▸ **Records provided**
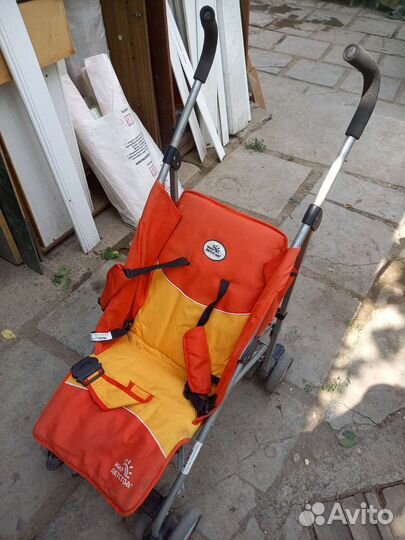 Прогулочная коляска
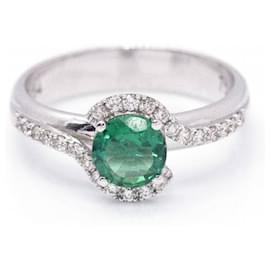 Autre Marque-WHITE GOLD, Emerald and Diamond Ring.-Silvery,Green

* * *

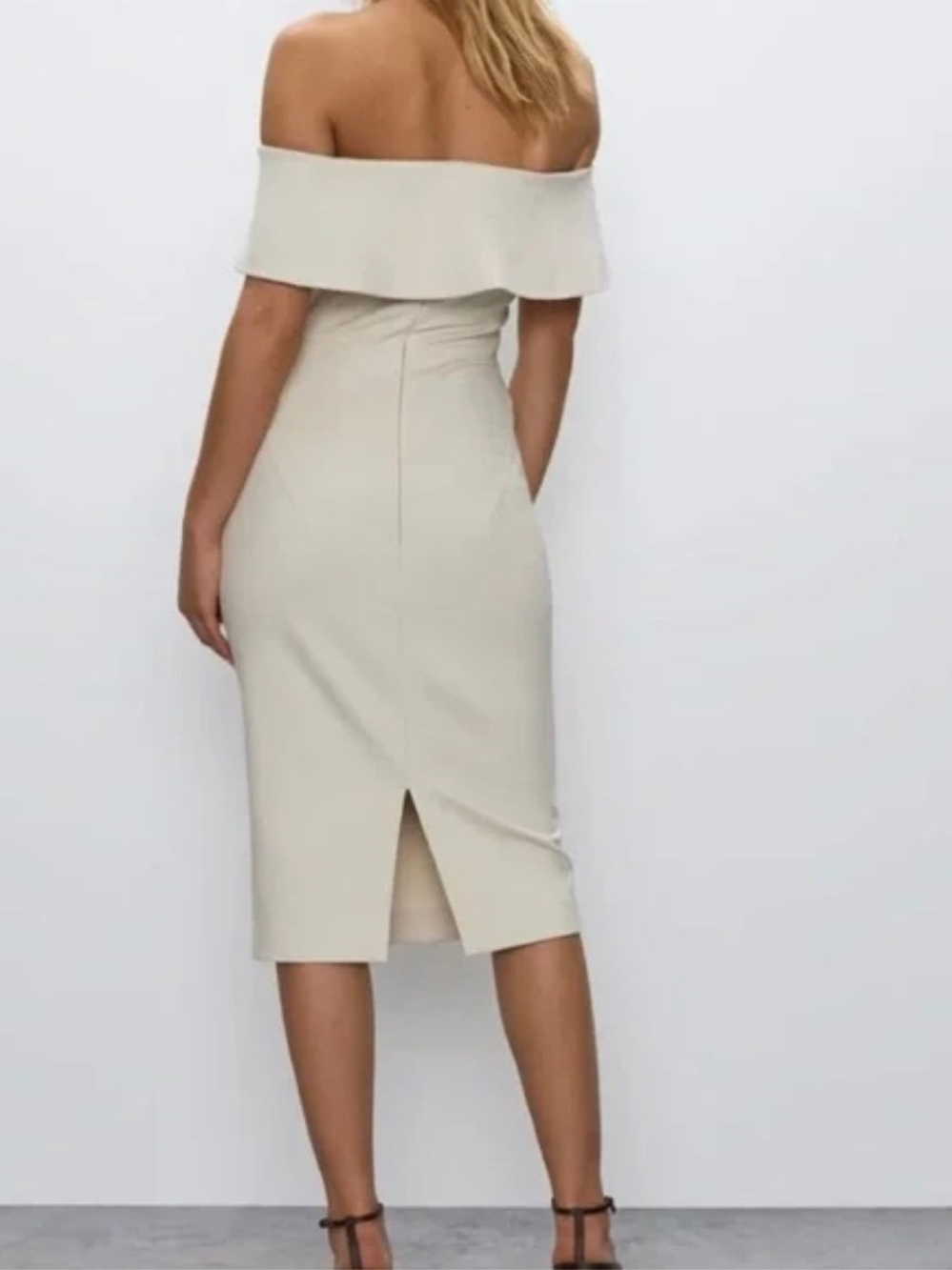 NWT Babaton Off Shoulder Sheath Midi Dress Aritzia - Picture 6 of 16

==

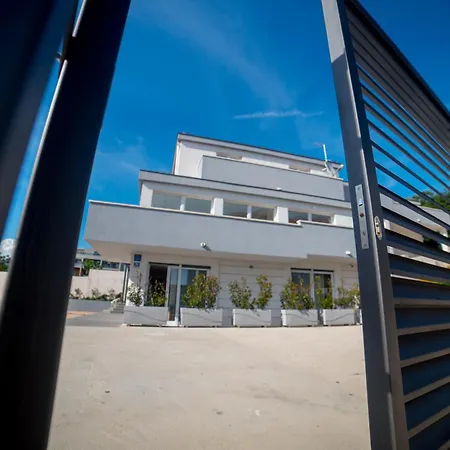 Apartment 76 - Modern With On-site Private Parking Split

▸ **Exercise directions**
From the listing above, repeat only the lines between the line containing "Прогулочная коляска" and the line containing "Autre Marque-WHITE GOLD, Emerald", those two included. Pictures are not part of the copy.

▸ **Result for this exercise**
 Прогулочная коляска
 Autre Marque-WHITE GOLD, Emerald and Diamond Ring.-Silvery,Green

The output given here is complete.